Hello, this is my first post though I've lurked a long time before joining!
I'm having a silly small problem that I can't seem to work through between the behavioral norms in my own family and those of the family I married into. My inlaws are great, no complaints! We've only been married a year but I've now had the full gamut of family parties and watched how the "kids" in the family behave when it comes to mealtime. I was raised by very old-fashioned parents and worry a lot about doing things the right way and the polite way when it comes to deferring to older family members. In my own "family culture" it is considered polite to serve elders first. When we're called to a meal the older relatives are encouraged to pass through the serving line right away so they can serve themselves from all the available dishes. Then come the rest of the family with the younger folk (tweens, teens, and young adults) holding back till last. Little kids of course go with their parents. No one enforces this, of course, it's just the everyday behavior we've all grown up with.
The family I've married into is much more laid back and has a bit of an "everyone for his or herself" vibe. I don't have a problem with that at all but it's hard for me to adjust when my instinct is to hold back in deference to older relatives. When we first started going to family parties when dinner was called my husband would often head to the table right away and encourage me not to hang back waiting for Grandpa and the Great Aunts to dish themselves up. I couldn't bring myself to be among the first to the food but I couldn't very well say, "Oh I was waiting for the older folks to go," so I settled for dawdling a bit and quietly moving to the back of the line. When I explained to my husband the problem he laughed it off saying, "We do it differently, don't worry." But it's a little outside my comfort zone. I've had the same issue with the larger parties where there's just barely enough seating for all. Even small children are encouraged to grab a spot as soon as someone gets up and hang on to it for dear life. I can't imagine taking a seat and letting an older relative stand.
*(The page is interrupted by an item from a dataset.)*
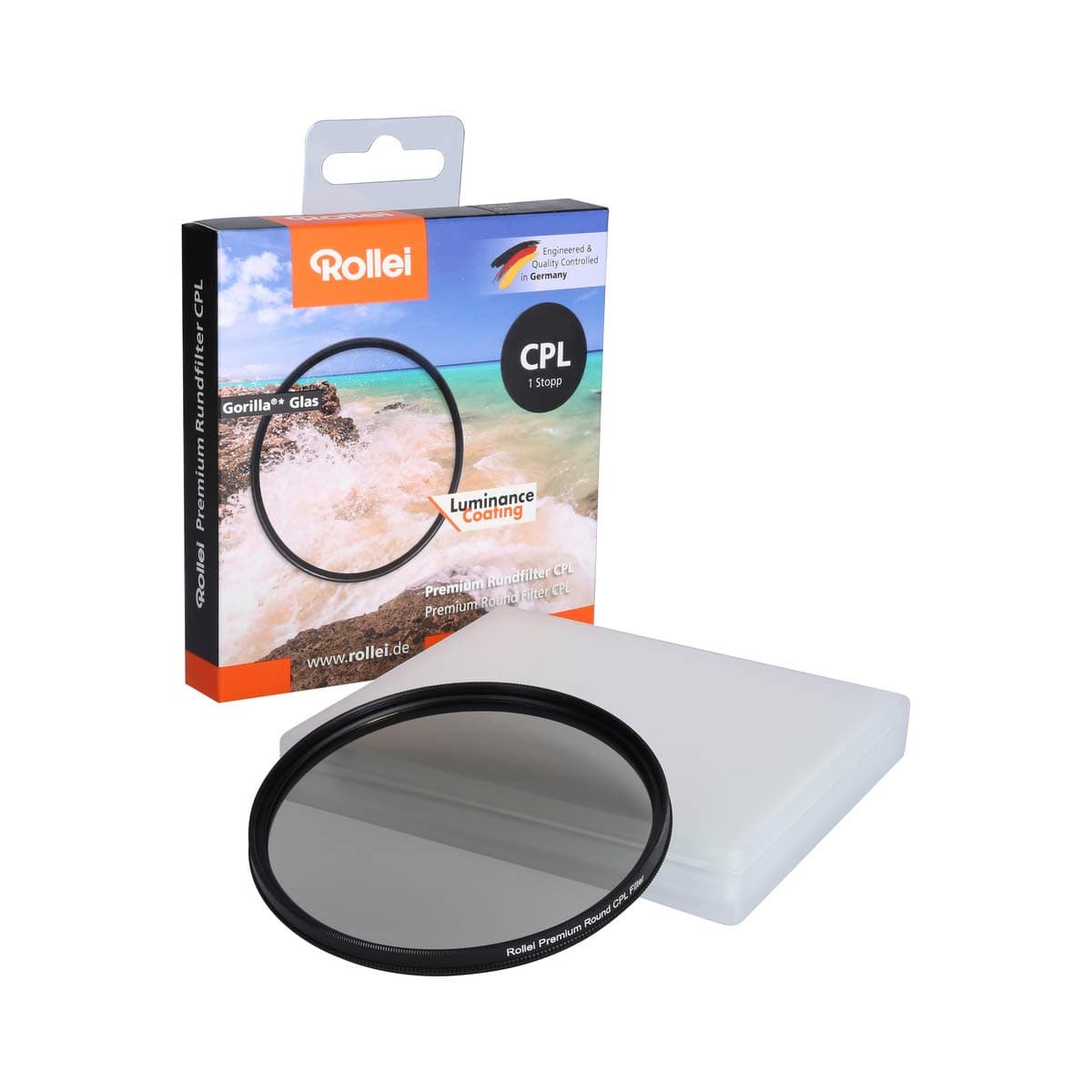 Rollei Premium Round Filter CPL 62 mm (1 stop) - Polarizing filter (Polarizer) with aluminum ring made of Gorilla glass with special coating - Size: 62 mm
Let me clarify and say I don't by any means think his family is impolite or that I'm holding some "higher" standard. We aren't even of different cultures, we're both typical Americans. We just have different house rules and it's uncomfortable to suddenly adjust from way I've been taught was polite and correct for many years and not feel bad about it. And I don't want to come off as uppity so I don't mention this to the inlaws at all. Should I go with the flow and ignore the small voice telling me otherwise or should I find some way of explaining myself-- is there even a polite way to do so? I'm an introvert so speaking up doesn't come naturally.